(Short descriptive text snippets)
####

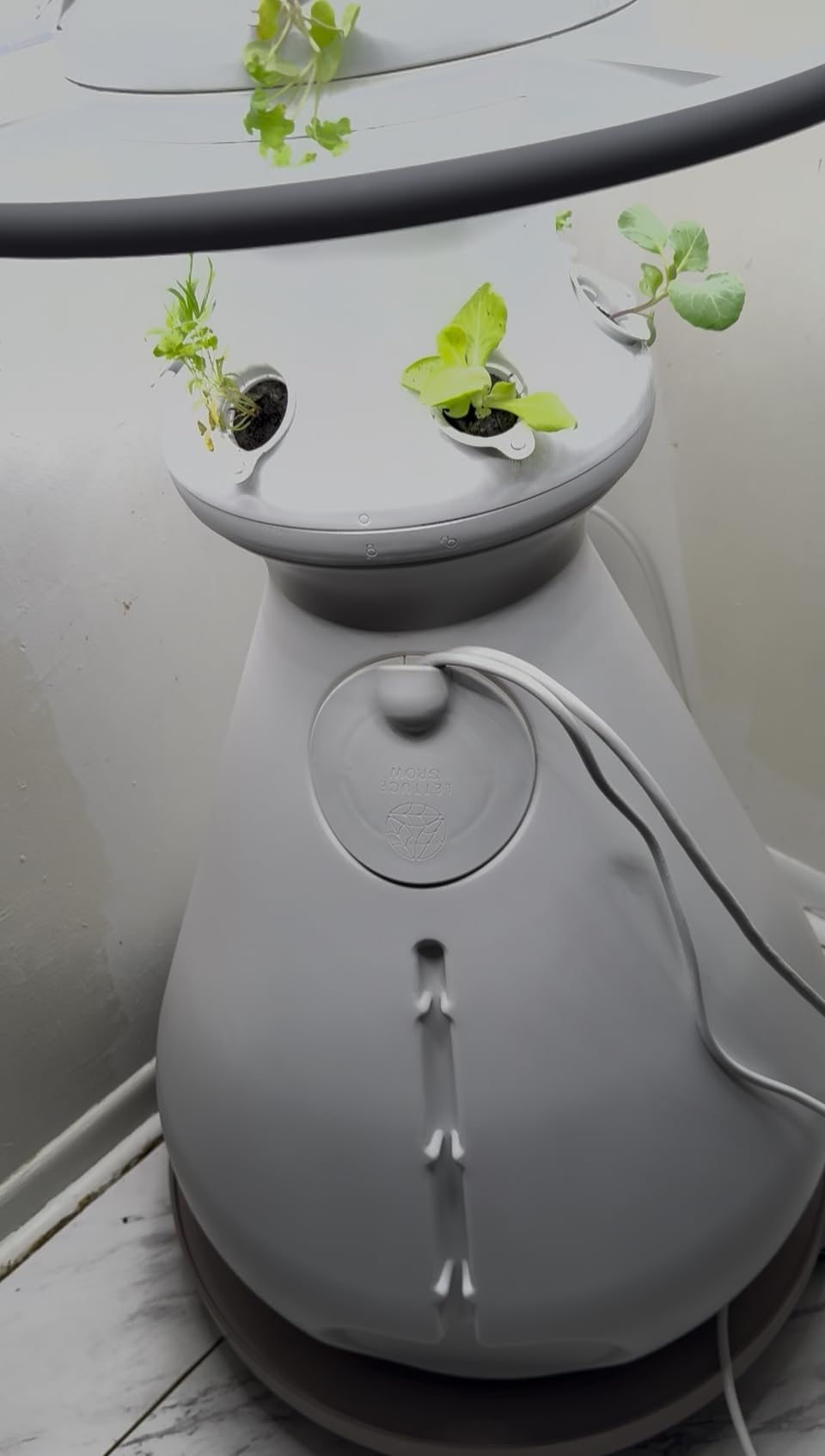 Lettuce Grow Farmstand Starter Kit with Glow Rings and 36 Seedling Credits - Large Hydroponic Growing System customer photo 1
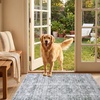 image:imageSasttie 8x10 Area Rugs UltraSoft Washable Rug Low Pile Foldable Thin Carpets with NonSlip Backing SkinFriendly Stain Resistant Carpet for Living Room Bedroom Kitchen Dorm 8x10 BeigeLight Grey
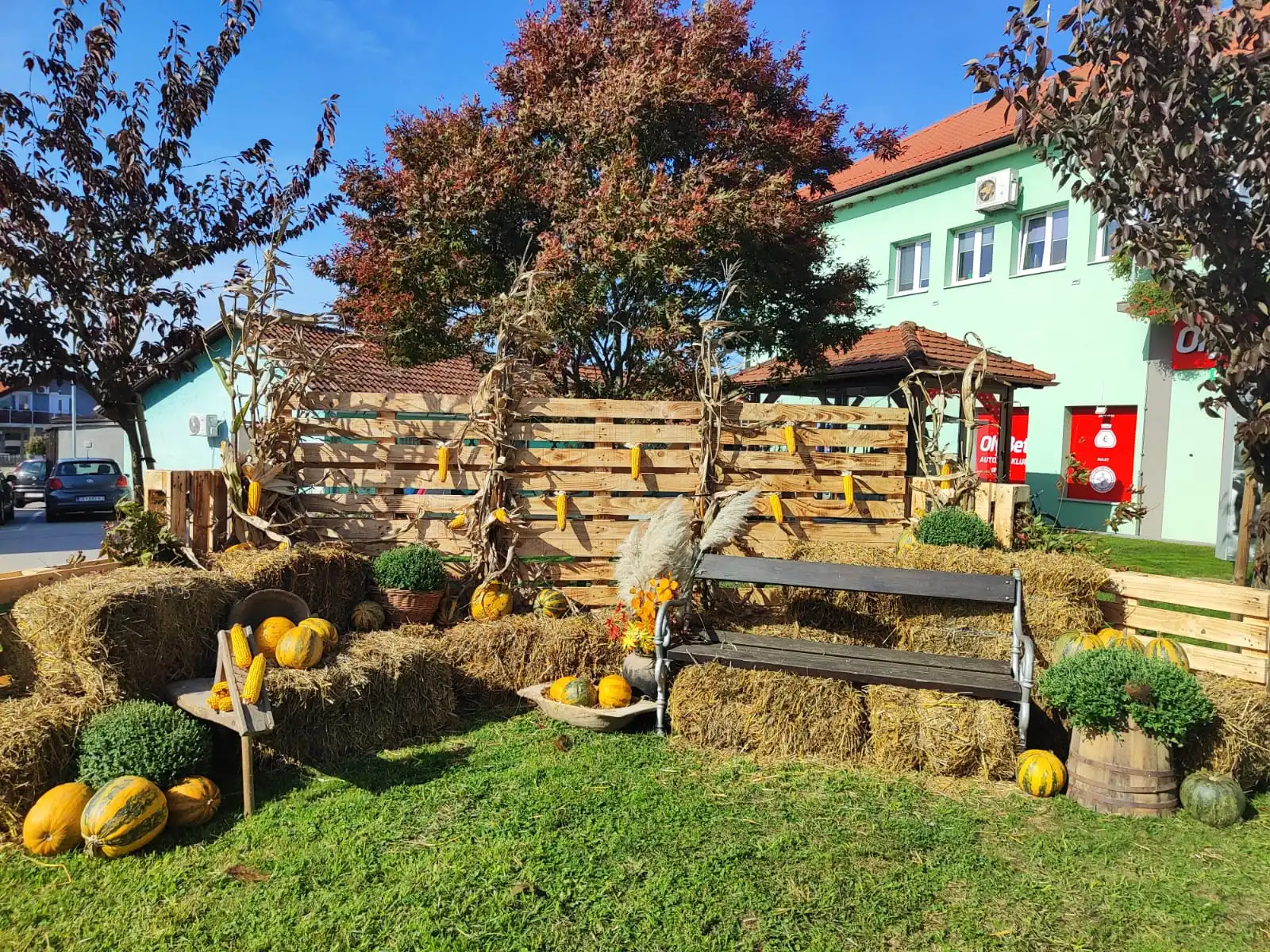 Mursko Središće – park -jesen (8)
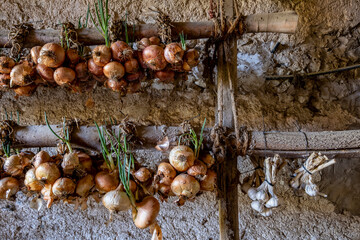 A row of onions and garlic hanging on wooden beams in a rustic kitchen setting, with visible soil walls and vibrant green onion stalks emerging from bulbs.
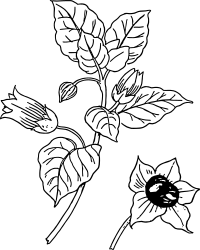 Belladonna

####

- **Aim of the exercise**
Here the records must be restated exactly, minus any images.

- **Exercise result**
 Lettuce Grow Farmstand Starter Kit with Glow Rings and 36 Seedling Credits - Large Hydroponic Growing System customer photo 1
 image:imageSasttie 8x10 Area Rugs UltraSoft Washable Rug Low Pile Foldable Thin Carpets with NonSlip Backing SkinFriendly Stain Resistant Carpet for Living Room Bedroom Kitchen Dorm 8x10 BeigeLight Grey
 Mursko Središće – park -jesen (8)
 A row of onions and garlic hanging on wooden beams in a rustic kitchen setting, with visible soil walls and vibrant green onion stalks emerging from bulbs.
 Belladonna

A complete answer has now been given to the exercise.